* **YOUR INSTRUCTIONS**: Please retype the data in full and exactly; the pictures are not part of the copy.
==== ENTRIES PROVIDED
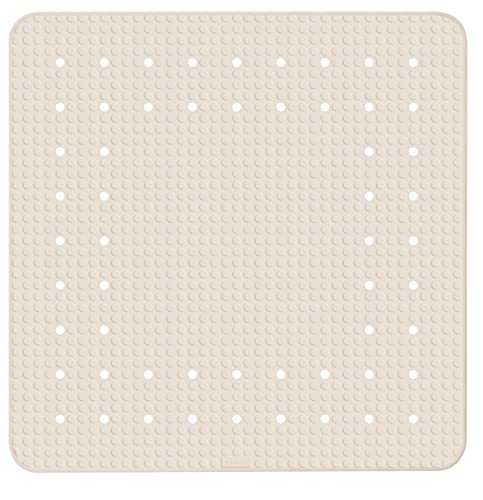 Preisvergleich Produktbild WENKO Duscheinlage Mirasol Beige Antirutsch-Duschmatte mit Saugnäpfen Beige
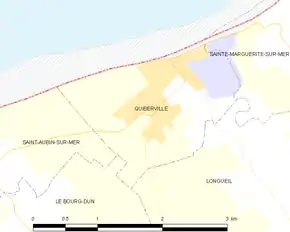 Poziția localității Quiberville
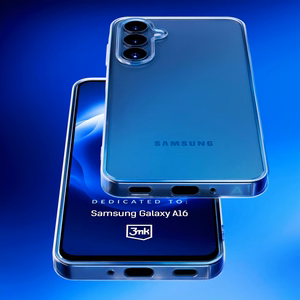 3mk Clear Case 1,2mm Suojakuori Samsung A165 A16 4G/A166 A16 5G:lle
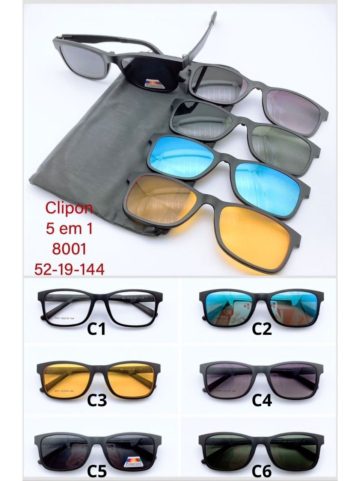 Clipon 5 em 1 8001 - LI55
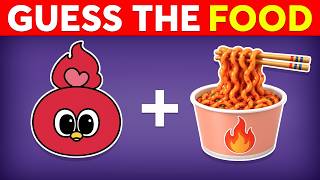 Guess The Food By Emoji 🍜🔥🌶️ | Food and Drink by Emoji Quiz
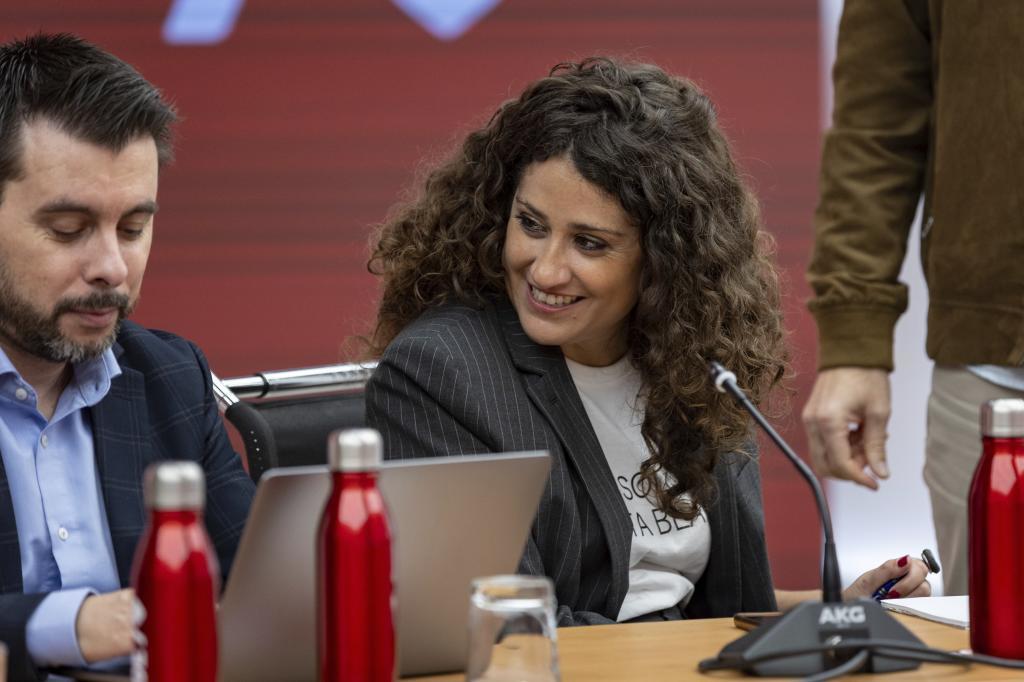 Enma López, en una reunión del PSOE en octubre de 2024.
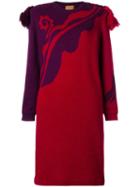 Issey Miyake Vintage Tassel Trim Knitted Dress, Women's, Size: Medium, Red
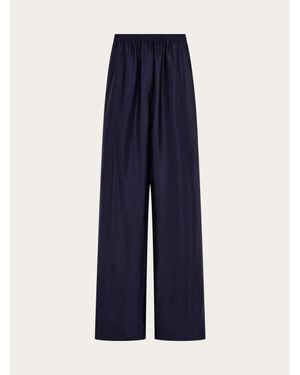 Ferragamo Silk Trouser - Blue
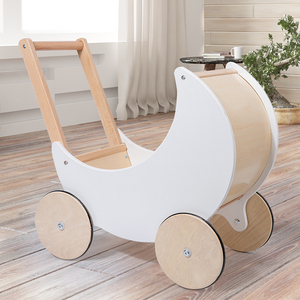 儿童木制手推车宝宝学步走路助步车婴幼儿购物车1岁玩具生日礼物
========
* **SOLUTION TO THIS EXERCISE**:
 Preisvergleich Produktbild WENKO Duscheinlage Mirasol Beige Antirutsch-Duschmatte mit Saugnäpfen Beige
 Poziția localității Quiberville
 3mk Clear Case 1,2mm Suojakuori Samsung A165 A16 4G/A166 A16 5G:lle
 Clipon 5 em 1 8001 - LI55
 Guess The Food By Emoji 🍜🔥🌶️ | Food and Drink by Emoji Quiz
 Enma López, en una reunión del PSOE en octubre de 2024.
 Issey Miyake Vintage Tassel Trim Knitted Dress, Women's, Size: Medium, Red
 Ferragamo Silk Trouser - Blue
 儿童木制手推车宝宝学步走路助步车婴幼儿购物车1岁玩具生日礼物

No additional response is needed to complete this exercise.